Start of DATA SHOWN

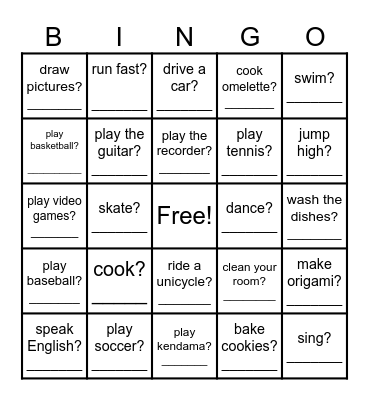 Can you ~   ? Bingo Card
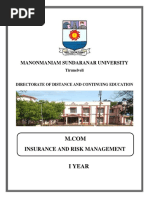 Manonmaniam Sundaranar University: Insurance and Risk Management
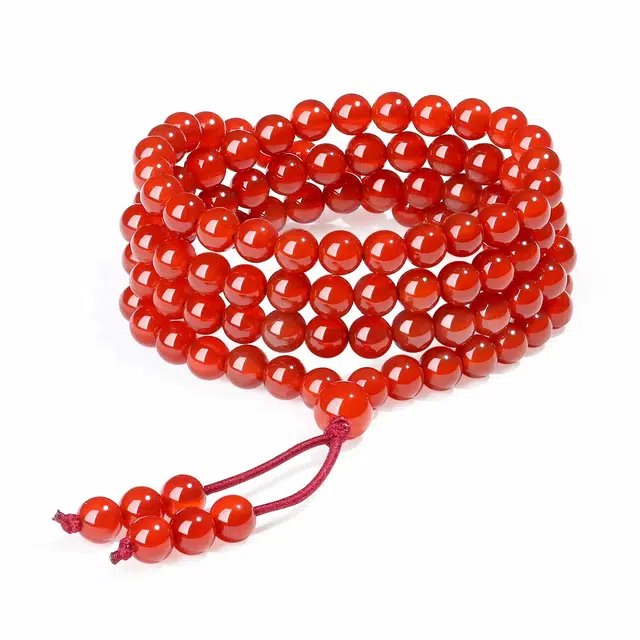【普陀山官方已过香】 普陀山文创 新中式复古国风本命年红转运珠珠多圈叠戴佛珠 小众百搭气质#好运 生日礼盒装 玛瑙 手串 男女同款情侣款
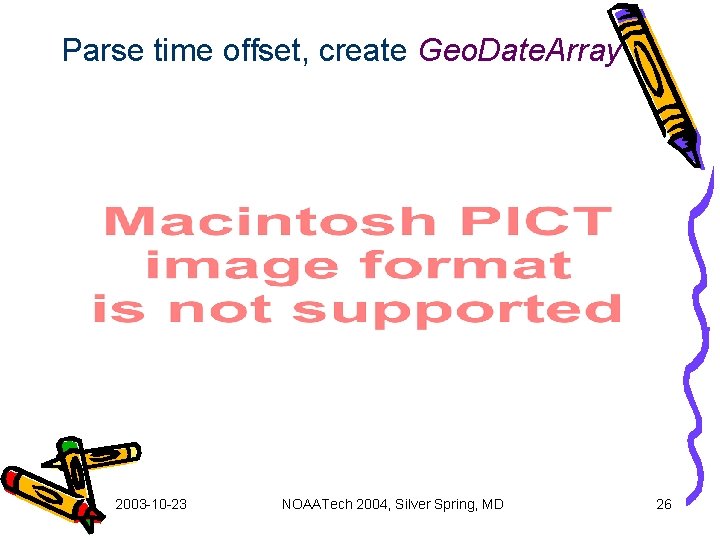 Parse time offset, create Geo. Date. Array 2003 -10 -23 NOAATech 2004, Silver Spring,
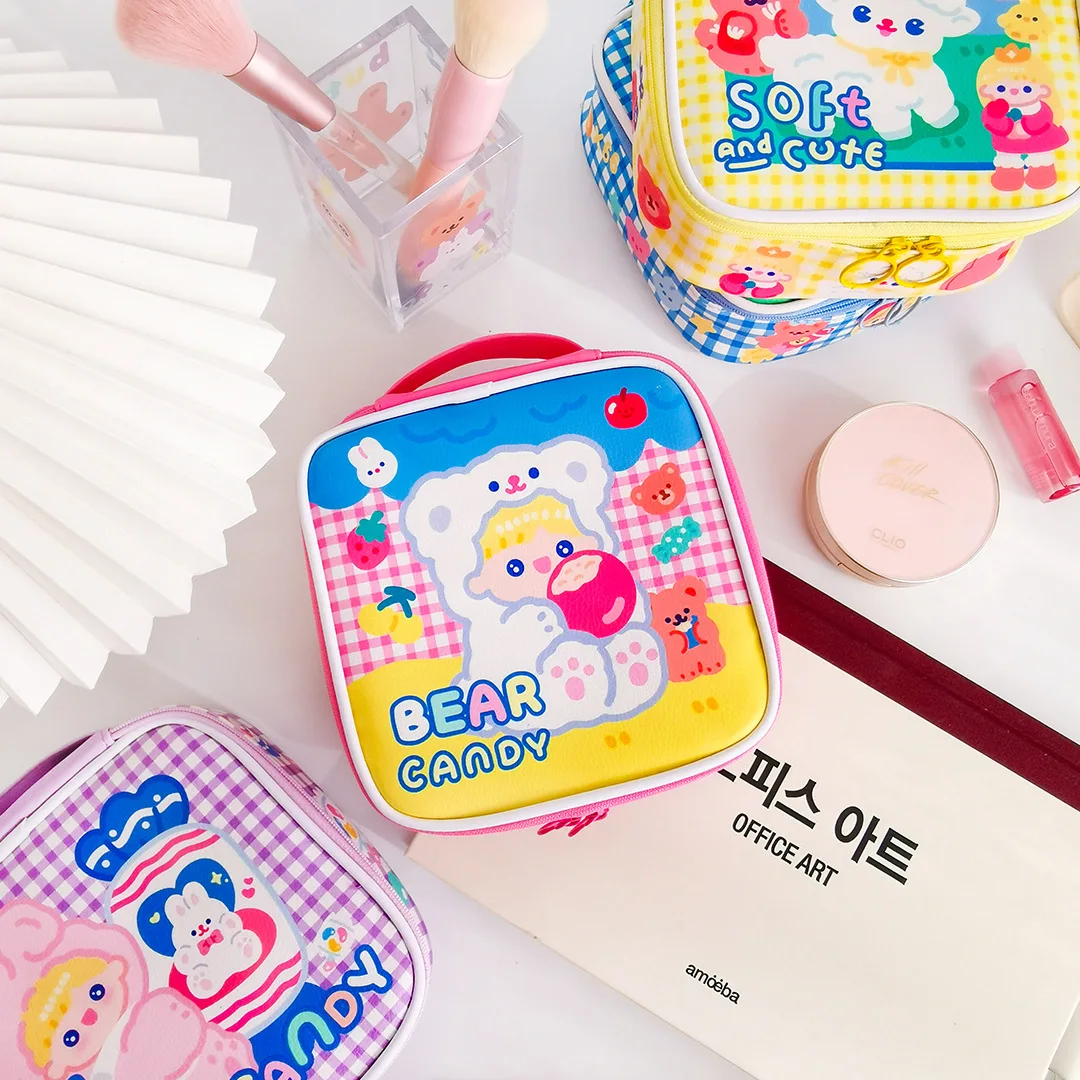 

New 2021 Milkjoy Cartoon Girls Cosmetic Bags Square Organzier Makeup Pouch Cute Leather Women's Bag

End of DATA SHOWN

# [TRY IT]
The answer must be the whole listing, word for word, with no pictures in it. Please write it out.

# [TASK ANSWER]
 Can you ~   ? Bingo Card
 Manonmaniam Sundaranar University: Insurance and Risk Management
【普陀山官方已过香】 普陀山文创 新中式复古国风本命年红转运珠珠多圈叠戴佛珠 小众百搭气质#好运 生日礼盒装 玛瑙 手串 男女同款情侣款
 Parse time offset, create Geo. Date. Array 2003 -10 -23 NOAATech 2004, Silver Spring,

New 2021 Milkjoy Cartoon Girls Cosmetic Bags Square Organzier Makeup Pouch Cute Leather Women's Bag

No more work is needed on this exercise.